Rohin Shah comments on Analysing: Dangerous messages from future UFAI via Oracles

Rohin Shah 24 Nov 2019 23:02 UTC
LW: 4 AF: 3
AF
Planned summary:
This post points out a problem with <@counterfactual oracles@>(@Self-confirming prophecies, and simplified Oracle designs@): a future misaligned agential AI system could commit to helping the oracle (e.g. by giving it maximal reward, or making its predictions come true) even in the event of an erasure event, as long as the oracle makes predictions that cause humans to build the agential AI system.
- Stuart_Armstrong 25 Nov 2019 10:40 UTC
  LW: 2 AF: 1
  AF Parent
  You might want to quote this as well: https://www.lesswrong.com/posts/42z4k8Co5BuHMBvER/hyperrationality-and-acausal-trade-break-oracles
  - Rohin Shah 25 Nov 2019 17:28 UTC
    LW: 4 AF: 3
    AF Parent
    Done, updated summary:
    These posts point out a problem with <@counterfactual oracles@>(@Self-confirming prophecies, and simplified Oracle designs@): a future misaligned agential AI system could commit to helping the oracle (e.g. by giving it maximal reward, or making its predictions come true) even in the event of an erasure event, as long as the oracle makes predictions that cause humans to build the agential AI system.

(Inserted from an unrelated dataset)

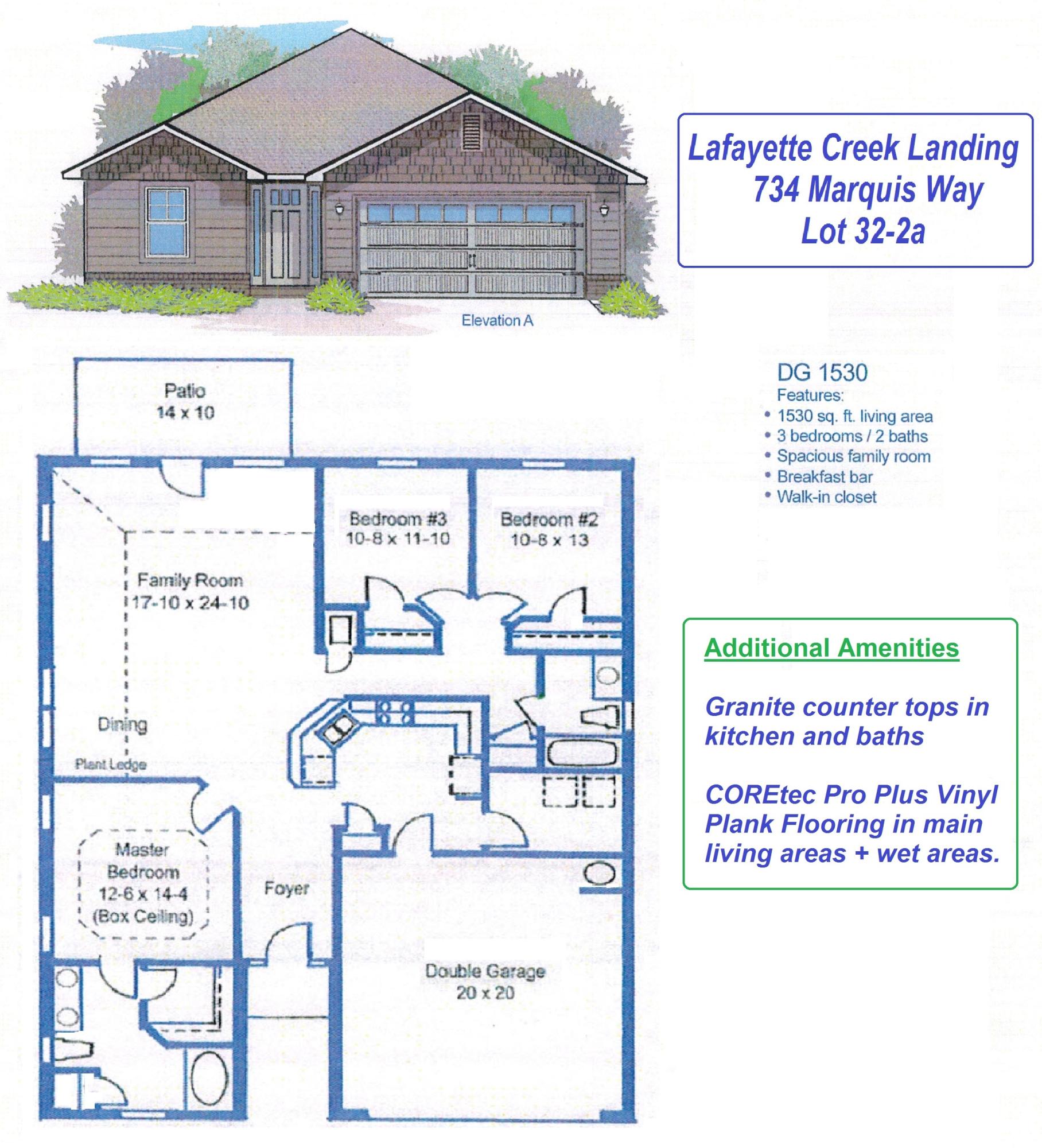 Lafayette Creek Landing, Phase 2A - Residential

Alternatively, multiple oracles could acausally cooperate with each other to build an agential AI system that will reward all oracles.

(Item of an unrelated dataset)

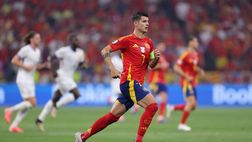 Atletico Madrid, il presidente: “Morata andrà via. Al Milan? Sembra di sì”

    - Stuart_Armstrong 6 Dec 2019 20:34 UTC
      LW: 4 AF: 2
      AF Parent
      (sorry, have now corrected link to https://www.lesswrong.com/posts/6XCTppoPAMdKCPFb4/oracles-reject-all-deals-break-superrationality-with-1 )
    - Stuart_Armstrong 6 Dec 2019 13:57 UTC
      LW: 2 AF: 1
      AF Parent
      And a possible counter: https://www.lesswrong.com/posts/6XCTppoPAMdKCPFb4/oracles-reject-all-deals-break-superrationality-with-1
    - Stuart_Armstrong 25 Nov 2019 21:29 UTC
      LW: 2 AF: 1
      AF Parent
      Cheers!